**What the exercise asks**
With pictures left out, write out exactly every line from the start of the data through the one that contains "Kit surtido de".

=-=-=-=-=

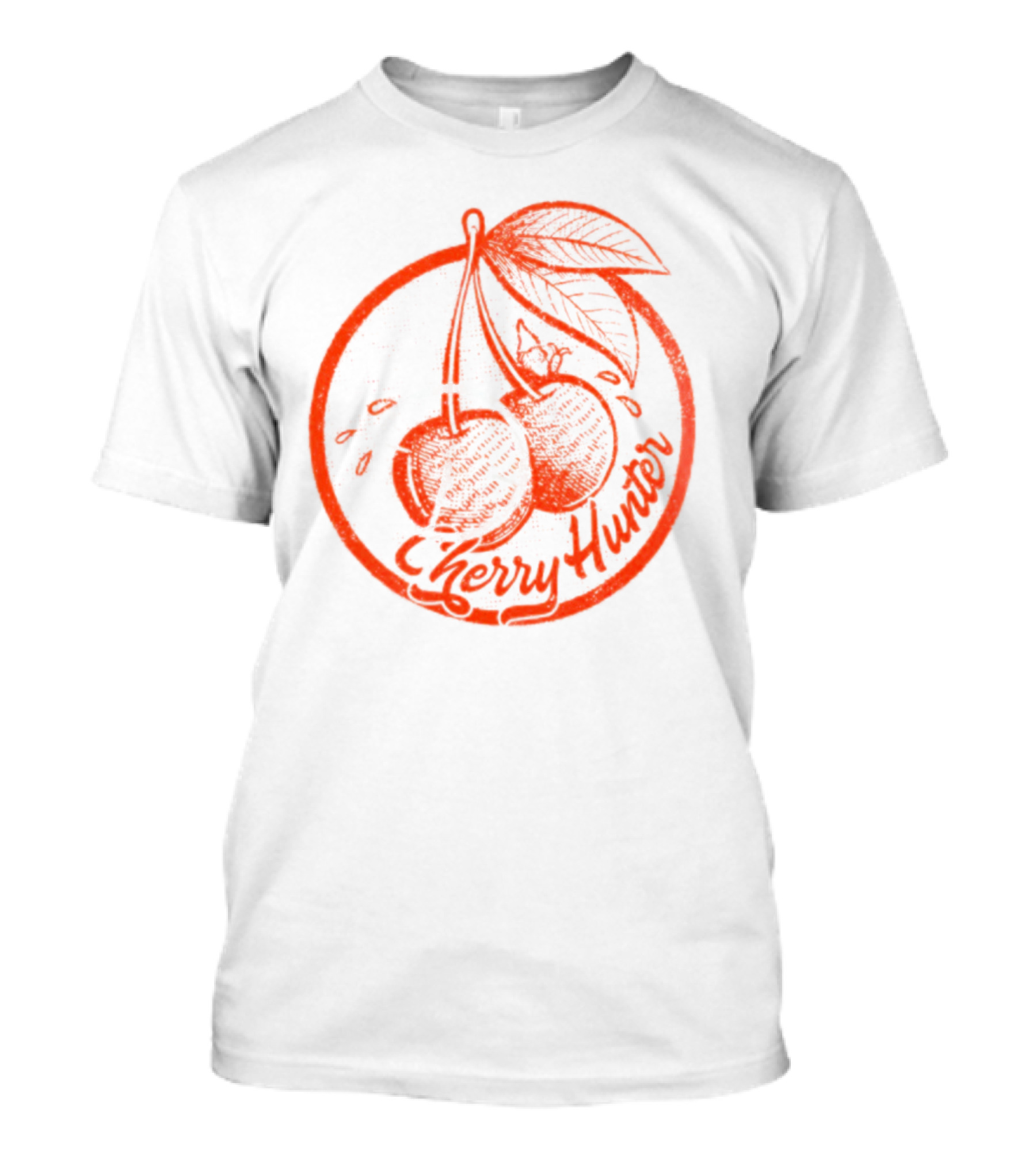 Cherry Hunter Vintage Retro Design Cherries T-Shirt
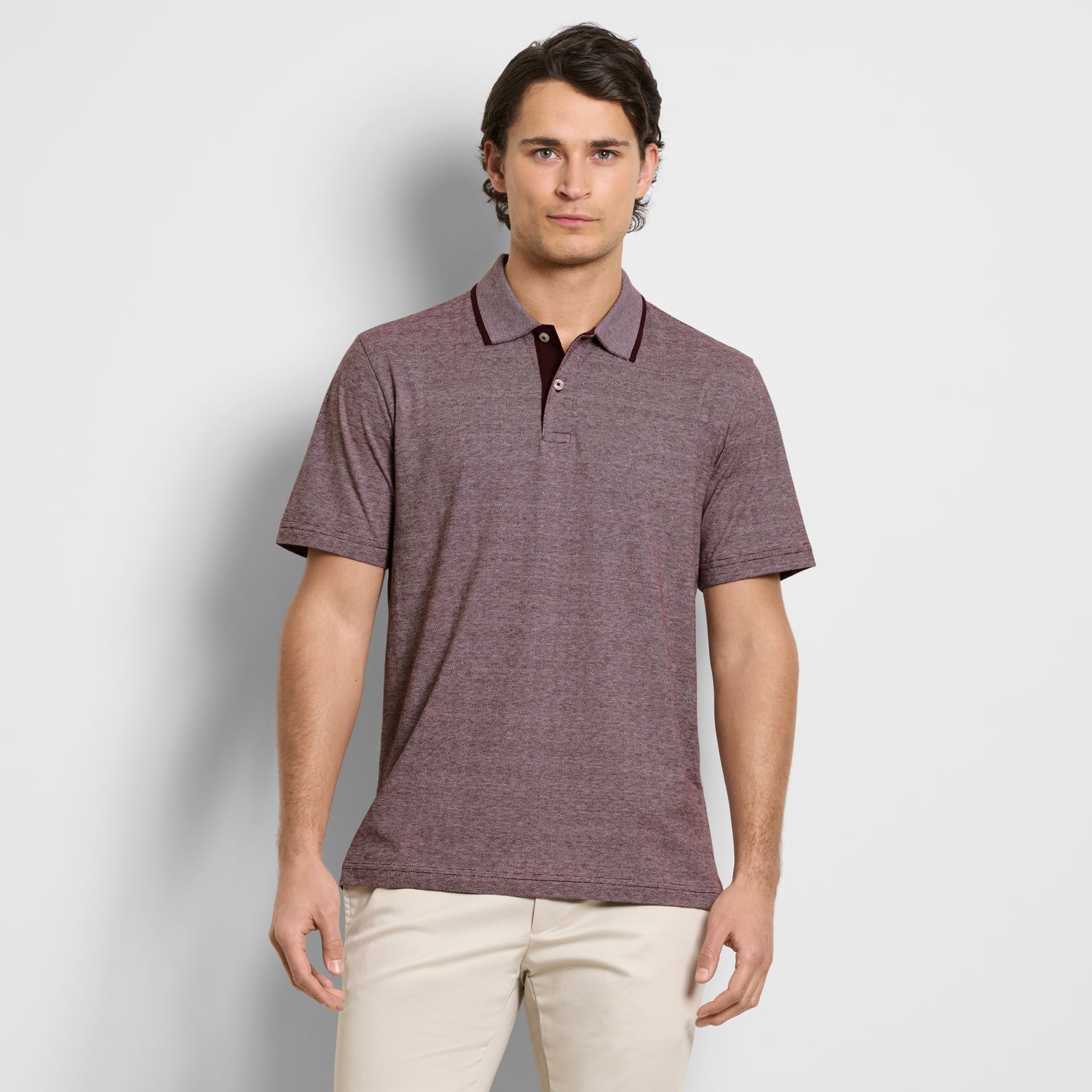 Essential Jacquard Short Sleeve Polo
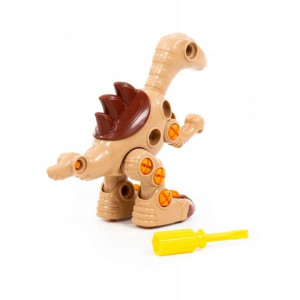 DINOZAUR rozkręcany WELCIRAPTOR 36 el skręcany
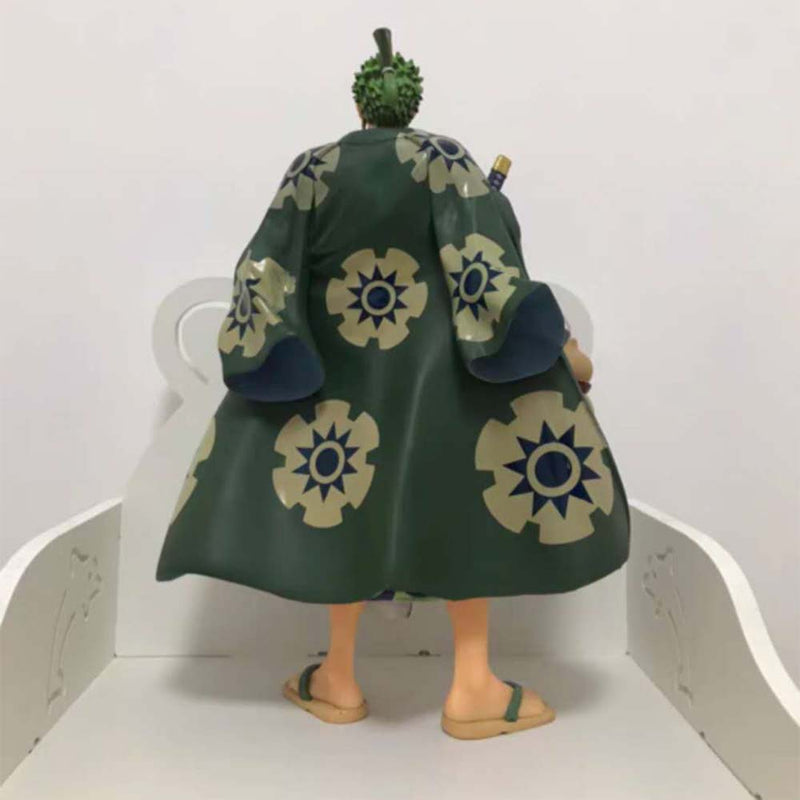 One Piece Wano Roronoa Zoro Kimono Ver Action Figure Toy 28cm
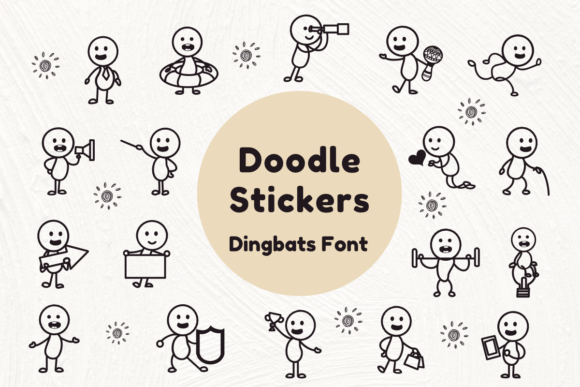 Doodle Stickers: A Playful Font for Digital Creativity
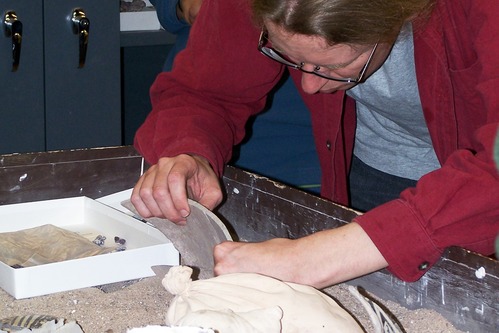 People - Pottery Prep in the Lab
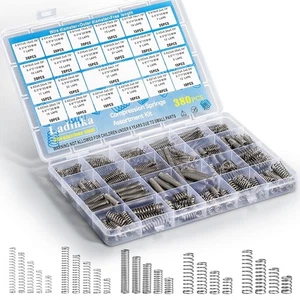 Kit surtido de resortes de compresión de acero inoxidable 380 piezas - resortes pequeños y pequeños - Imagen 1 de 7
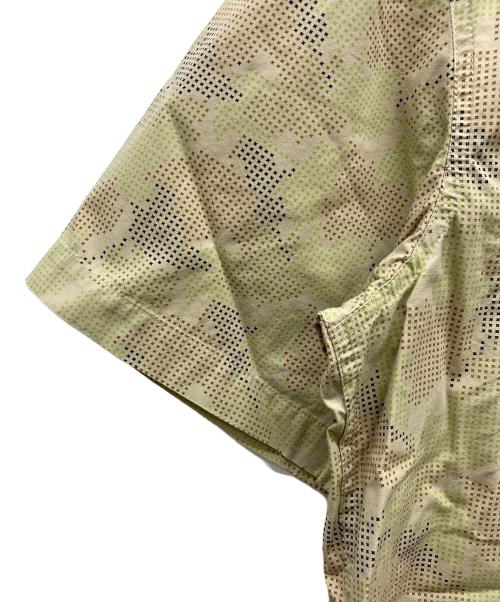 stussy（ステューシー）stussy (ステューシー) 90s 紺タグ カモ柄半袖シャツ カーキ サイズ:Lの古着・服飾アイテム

=-=-=-=-=

**Response for this exercise**
 Cherry Hunter Vintage Retro Design Cherries T-Shirt
 Essential Jacquard Short Sleeve Polo
 DINOZAUR rozkręcany WELCIRAPTOR 36 el skręcany
 One Piece Wano Roronoa Zoro Kimono Ver Action Figure Toy 28cm
 Doodle Stickers: A Playful Font for Digital Creativity
 People - Pottery Prep in the Lab
 Kit surtido de resortes de compresión de acero inoxidable 380 piezas - resortes pequeños y pequeños - Imagen 1 de 7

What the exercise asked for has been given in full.